The Stroganov family, which was based in Solvychegodsk and made their fortune by the salt production, had a number of estates on the Viled, which were user to grow horses for the salt production. The biggest Stroganov estate on the Viled was in Ilyinsk.

In the 16th and 17th centuries, Ilyinsk became a fortress due to its location on the main road from Moscow to Siberia, which went from Moscow to Veliky Ustyug and then to Cherdyn. The records show that in the 17th century Ilyinsk had two wooden churches. One of the first public schools in the North of Russia was opened here in 1848.

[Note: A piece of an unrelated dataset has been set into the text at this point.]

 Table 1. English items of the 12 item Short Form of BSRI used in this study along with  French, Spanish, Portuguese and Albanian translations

Ilyinsko-Podomskoye was created by merging Ilyinsk with the adjacent village of Podoma. Ilyinsko-Podomskaya Volost already existed in the 18th century.

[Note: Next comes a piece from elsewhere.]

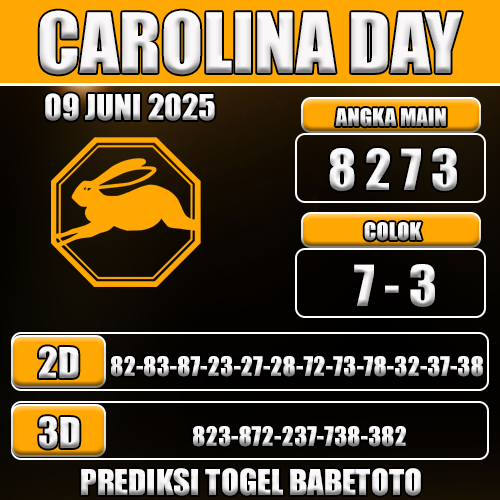 Prediksi Togel Carolina Day 09 Juni 2025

Prior to 1918, the area of the present-day Vilegodsky District was a part of Solvychegodsky Uyezd. In 1918, the area moved to the newly established Northern Dvina Governorate, and in 1924 the uyezds were abolished in favor of the new divisions, the districts (raions). Vilegodsky District was established on April 10, 1924, with the district center located in Ilyinsko-Podomskoye.

==Economy==
===Industry===
Traditionally, the valley of the Viled River was producing linum, and in 1930 the first linum factory in present-day Arkhangelsk Oblast opened in Ilyinsko-Podomskoye.

===Transportation===
Ilyinsko-Podomskoye is located on the road connecting Kotlas and Syktyvkar (via Shiroky Priluk). This portion of the road is paved. There is regular passenger bus traffic from Ilyinsko-Podomskoye to Kotlas, Koryazhma, Veliky Ustyug, and Syktyvkar, as well as local traffic to the villages of Vilegodsky District.

==Culture and recreation==
St. Iliya Church in Ilyinsko-Podomskoye is designated as an architectural monument and is protected at the local level. This is a two-floor stone church built in 1789.

Ilyinsko-Podomskoye hosts the Vilegodsky District Museum.